__Task instructions__. The answer must be the full data, restated word for word, with no pictures in it.

*** Input data Section Begins ***

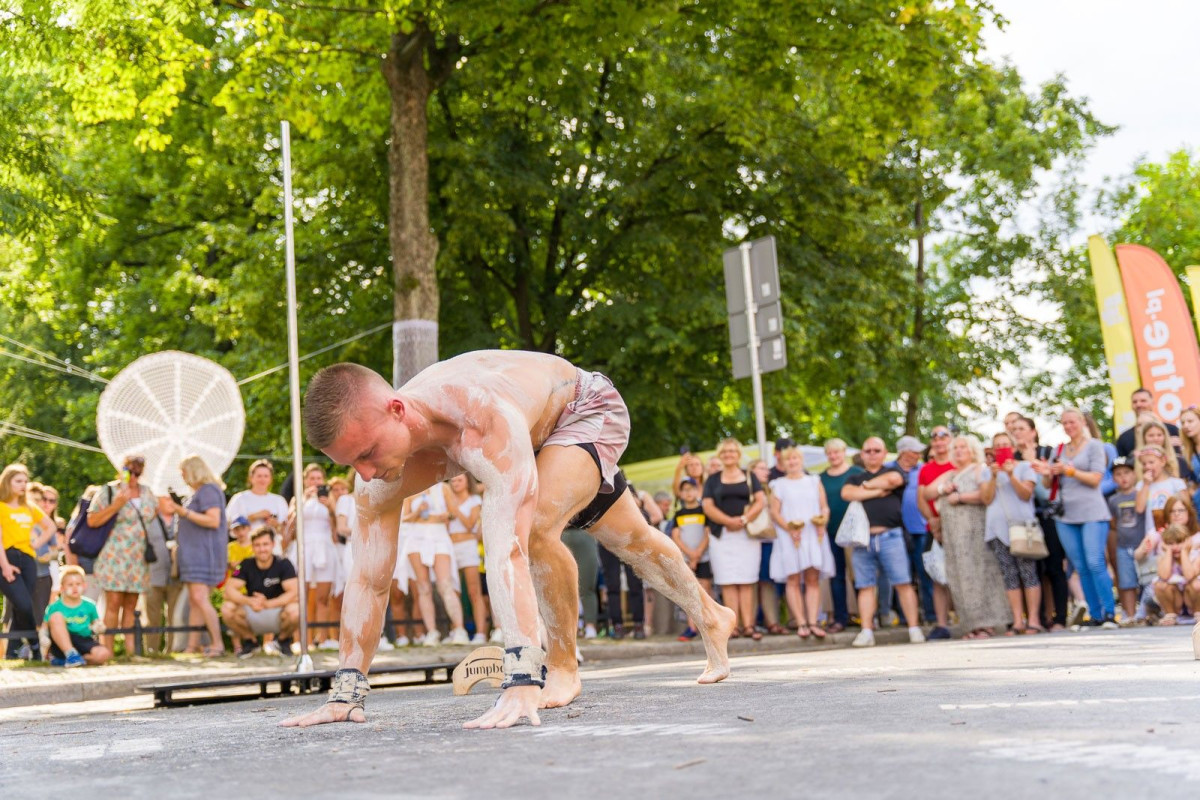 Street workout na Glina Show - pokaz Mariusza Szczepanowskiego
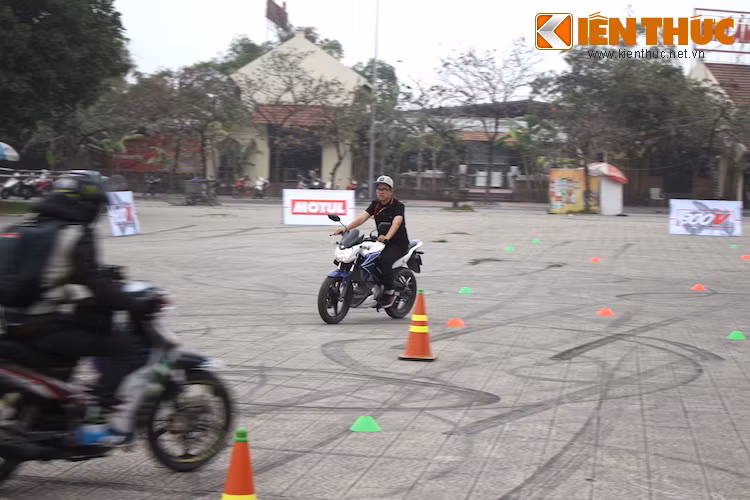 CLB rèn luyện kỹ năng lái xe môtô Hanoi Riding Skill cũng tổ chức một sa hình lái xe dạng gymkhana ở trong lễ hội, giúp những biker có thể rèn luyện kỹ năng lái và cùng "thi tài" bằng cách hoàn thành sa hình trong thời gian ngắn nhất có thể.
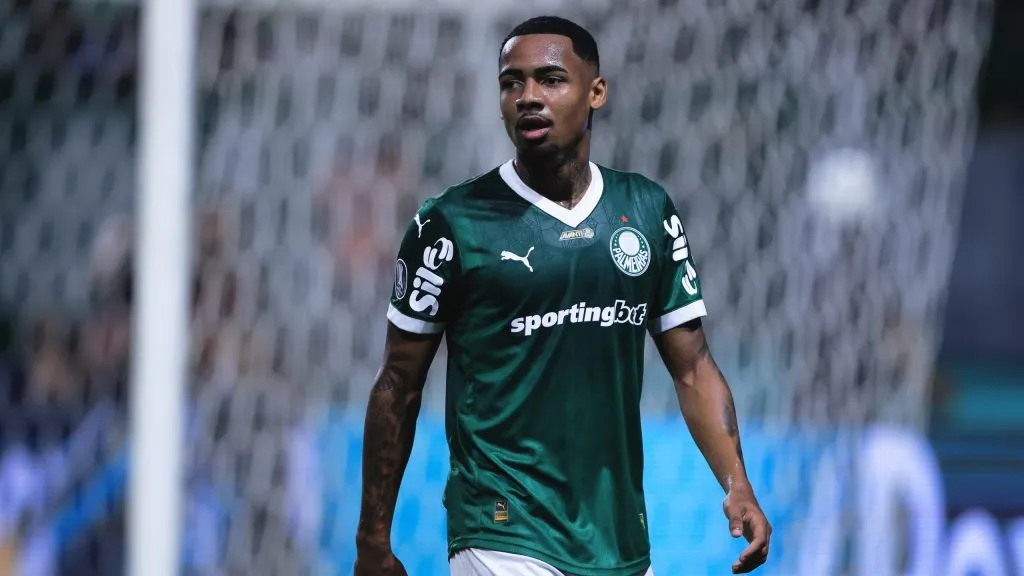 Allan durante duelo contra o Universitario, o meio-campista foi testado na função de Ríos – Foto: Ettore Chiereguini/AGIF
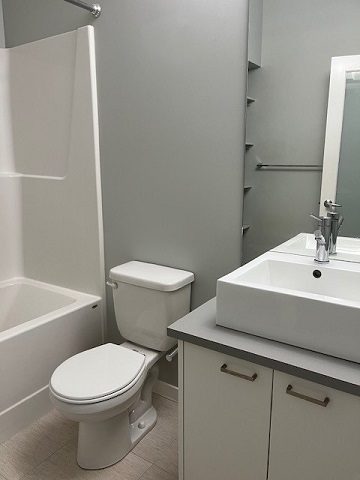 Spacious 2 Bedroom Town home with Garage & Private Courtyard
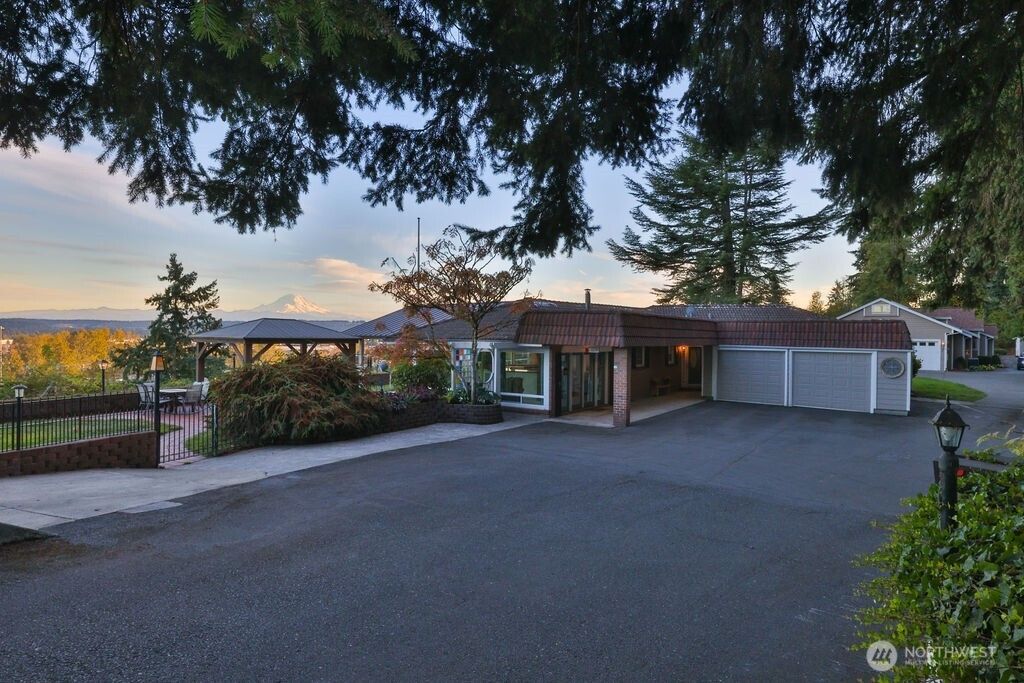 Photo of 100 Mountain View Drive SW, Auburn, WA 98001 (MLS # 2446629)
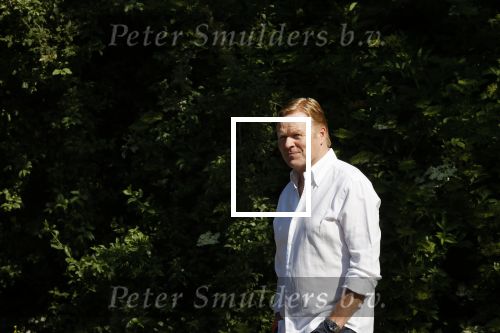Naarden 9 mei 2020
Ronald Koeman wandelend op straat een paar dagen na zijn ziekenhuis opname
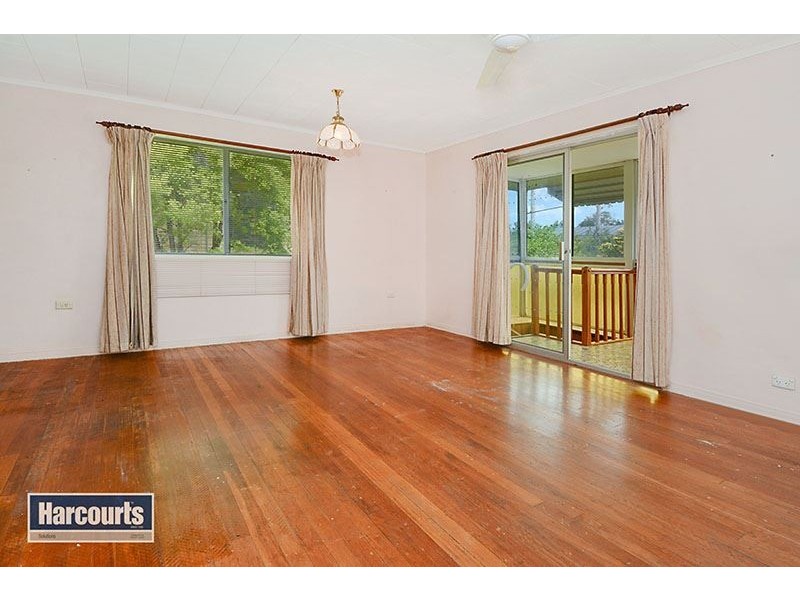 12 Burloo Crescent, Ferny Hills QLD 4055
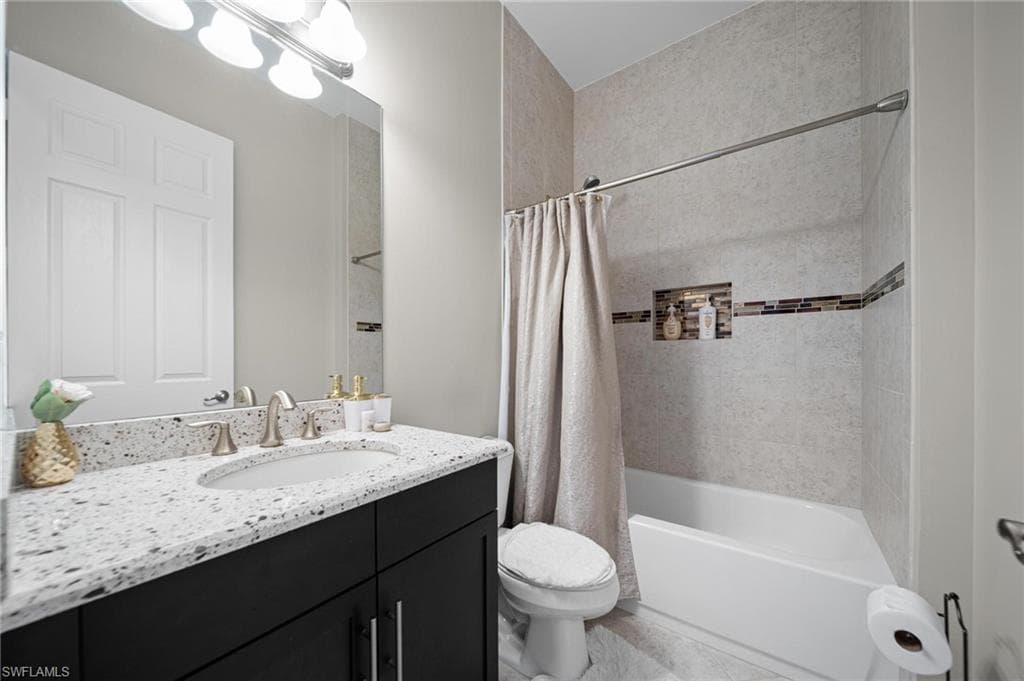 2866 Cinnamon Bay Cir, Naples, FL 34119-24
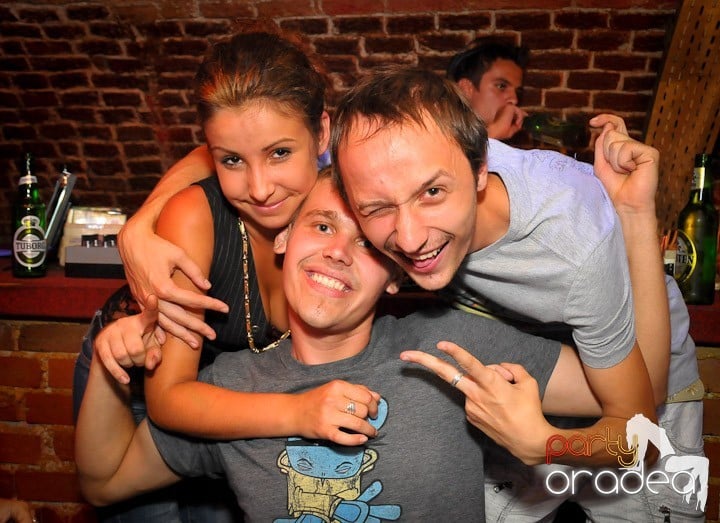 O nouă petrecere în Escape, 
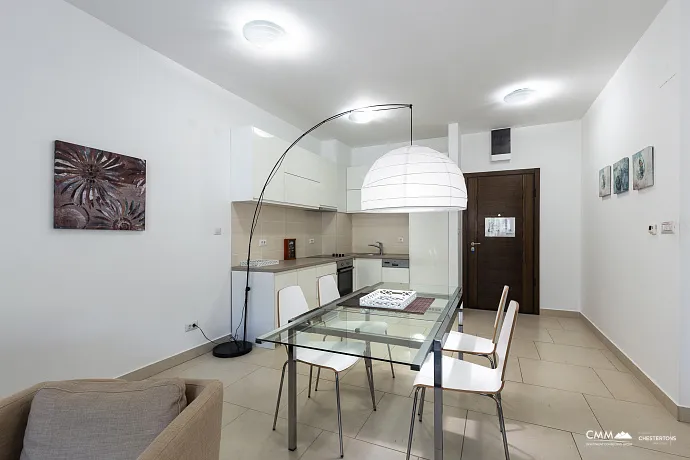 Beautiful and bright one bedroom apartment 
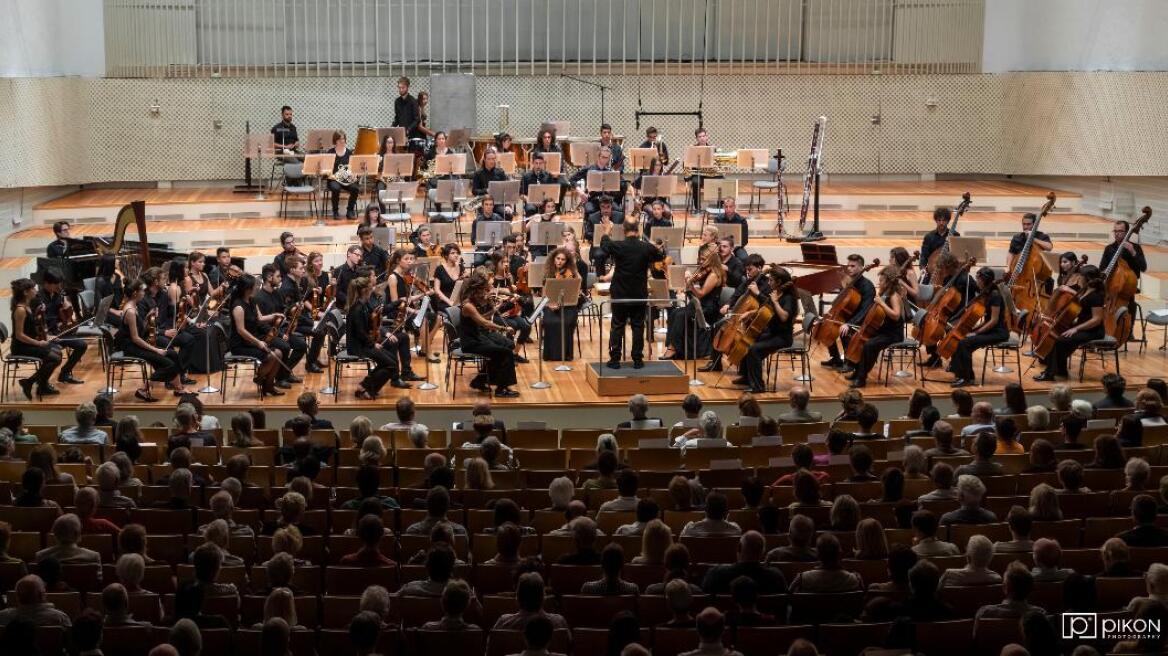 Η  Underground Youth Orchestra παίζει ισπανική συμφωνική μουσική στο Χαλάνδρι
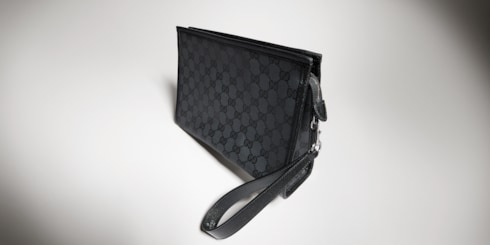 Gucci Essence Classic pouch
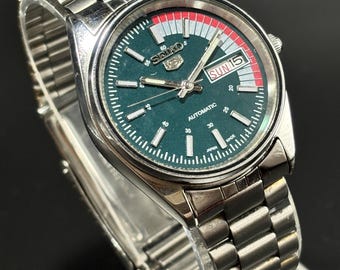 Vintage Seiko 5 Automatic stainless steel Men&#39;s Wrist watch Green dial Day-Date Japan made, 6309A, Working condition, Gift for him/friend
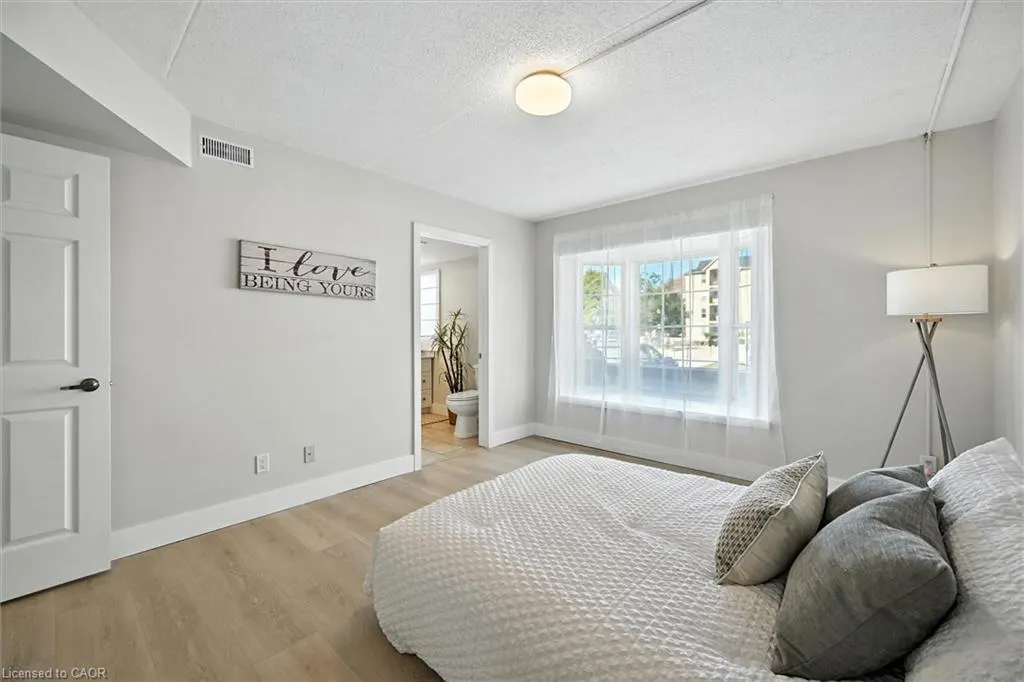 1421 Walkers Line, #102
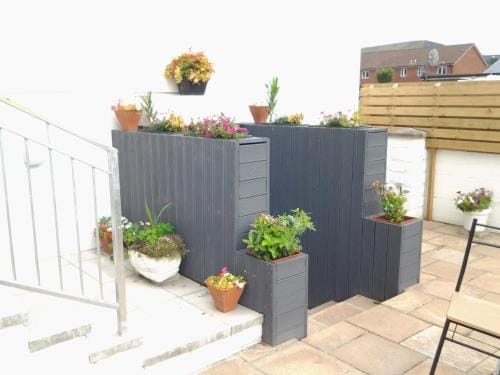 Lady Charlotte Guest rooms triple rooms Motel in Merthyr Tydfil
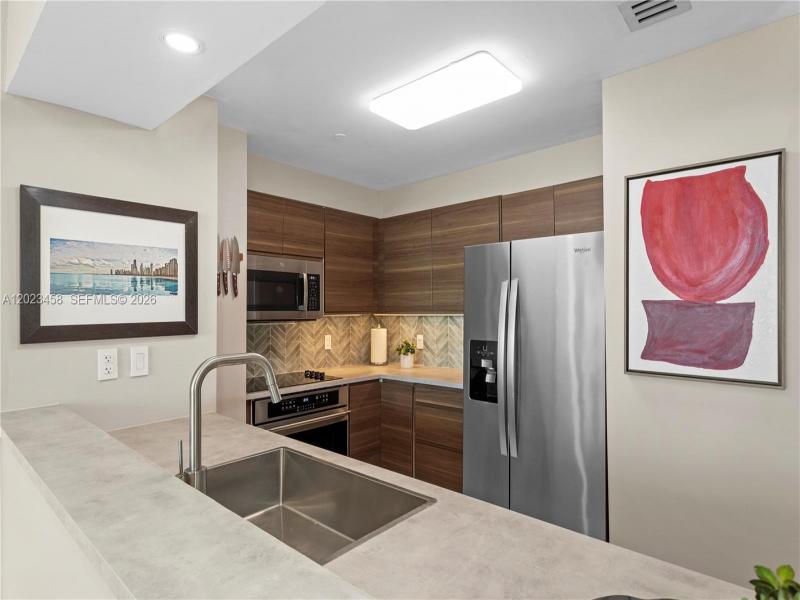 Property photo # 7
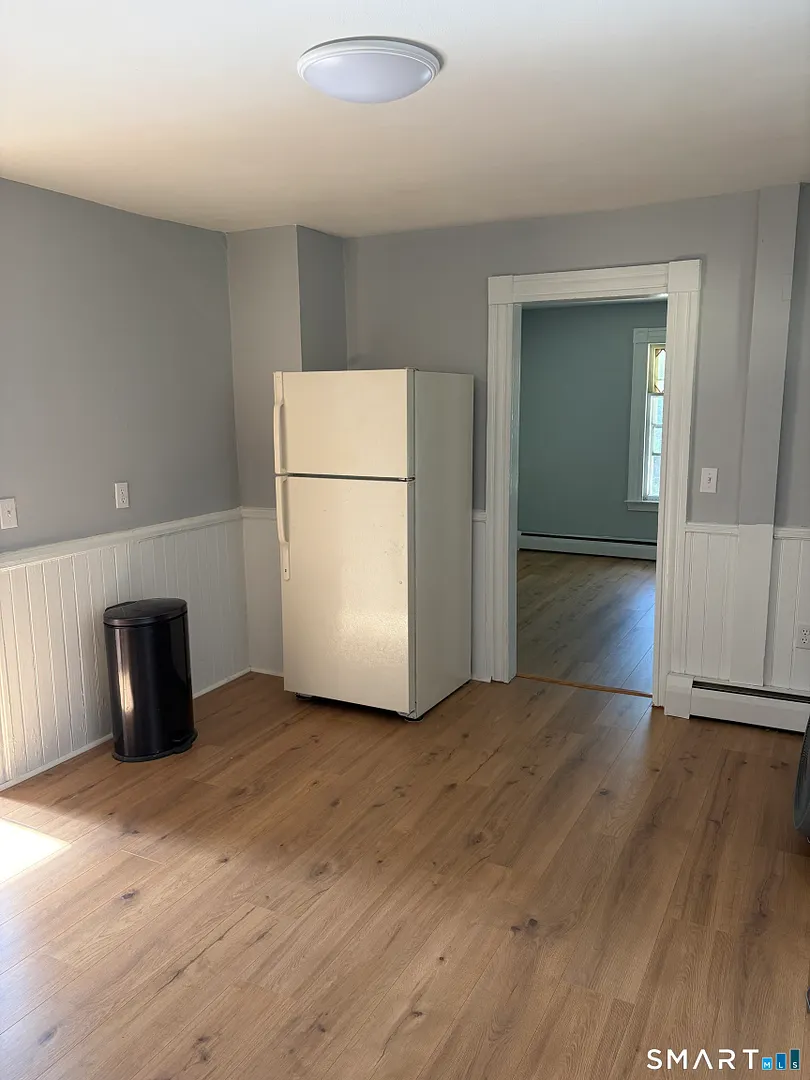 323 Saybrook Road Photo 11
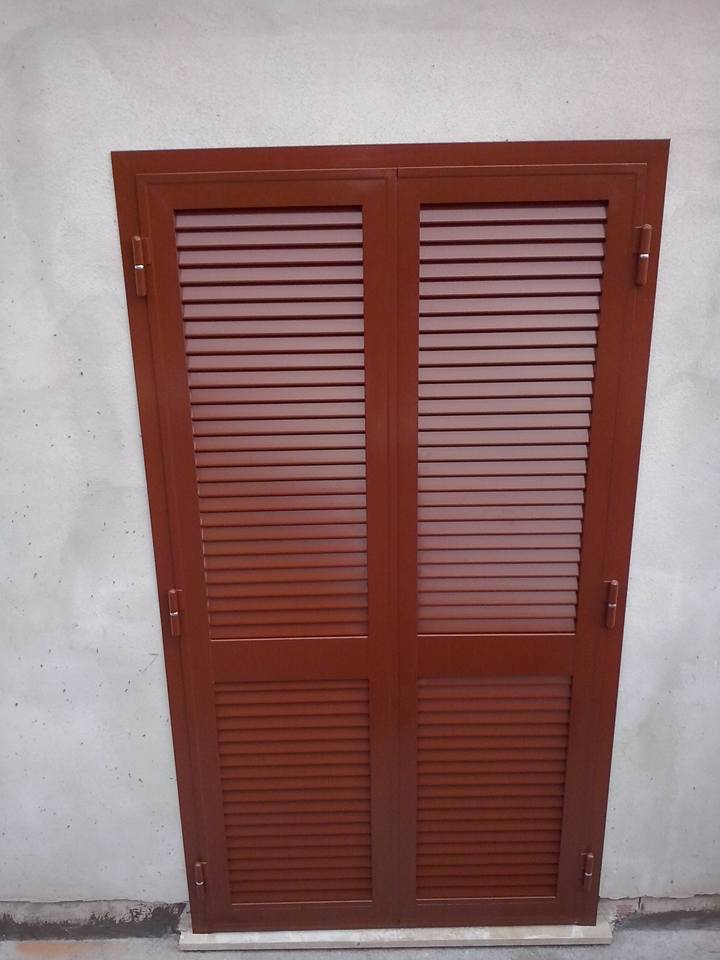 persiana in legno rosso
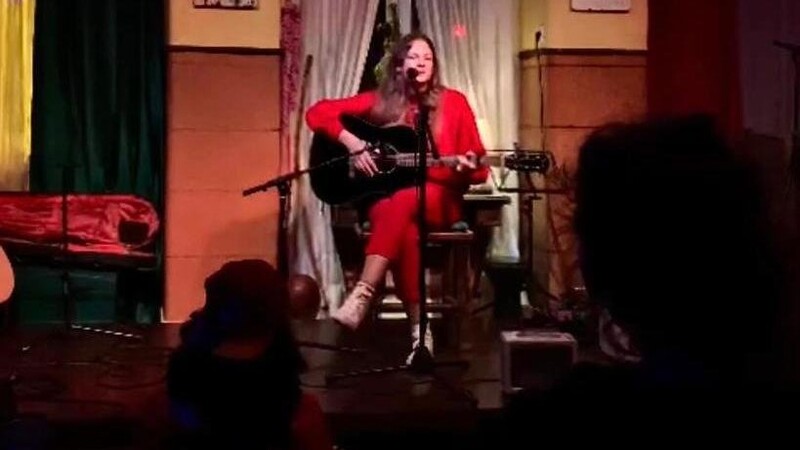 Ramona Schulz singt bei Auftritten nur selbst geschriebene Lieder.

*** Input data Section Ends ***

__Solution for this task__.
 Street workout na Glina Show - pokaz Mariusza Szczepanowskiego
 CLB rèn luyện kỹ năng lái xe môtô Hanoi Riding Skill cũng tổ chức một sa hình lái xe dạng gymkhana ở trong lễ hội, giúp những biker có thể rèn luyện kỹ năng lái và cùng "thi tài" bằng cách hoàn thành sa hình trong thời gian ngắn nhất có thể.
 Allan durante duelo contra o Universitario, o meio-campista foi testado na função de Ríos – Foto: Ettore Chiereguini/AGIF
 Spacious 2 Bedroom Town home with Garage & Private Courtyard
 Photo of 100 Mountain View Drive SW, Auburn, WA 98001 (MLS # 2446629)
Naarden 9 mei 2020
Ronald Koeman wandelend op straat een paar dagen na zijn ziekenhuis opname
 12 Burloo Crescent, Ferny Hills QLD 4055
 2866 Cinnamon Bay Cir, Naples, FL 34119-24
 O nouă petrecere în Escape, 
 Beautiful and bright one bedroom apartment 
 Η  Underground Youth Orchestra παίζει ισπανική συμφωνική μουσική στο Χαλάνδρι
 Gucci Essence Classic pouch
 Vintage Seiko 5 Automatic stainless steel Men&#39;s Wrist watch Green dial Day-Date Japan made, 6309A, Working condition, Gift for him/friend
 1421 Walkers Line, #102
 Lady Charlotte Guest rooms triple rooms Motel in Merthyr Tydfil
 Property photo # 7
 323 Saybrook Road Photo 11
 persiana in legno rosso
 Ramona Schulz singt bei Auftritten nur selbst geschriebene Lieder.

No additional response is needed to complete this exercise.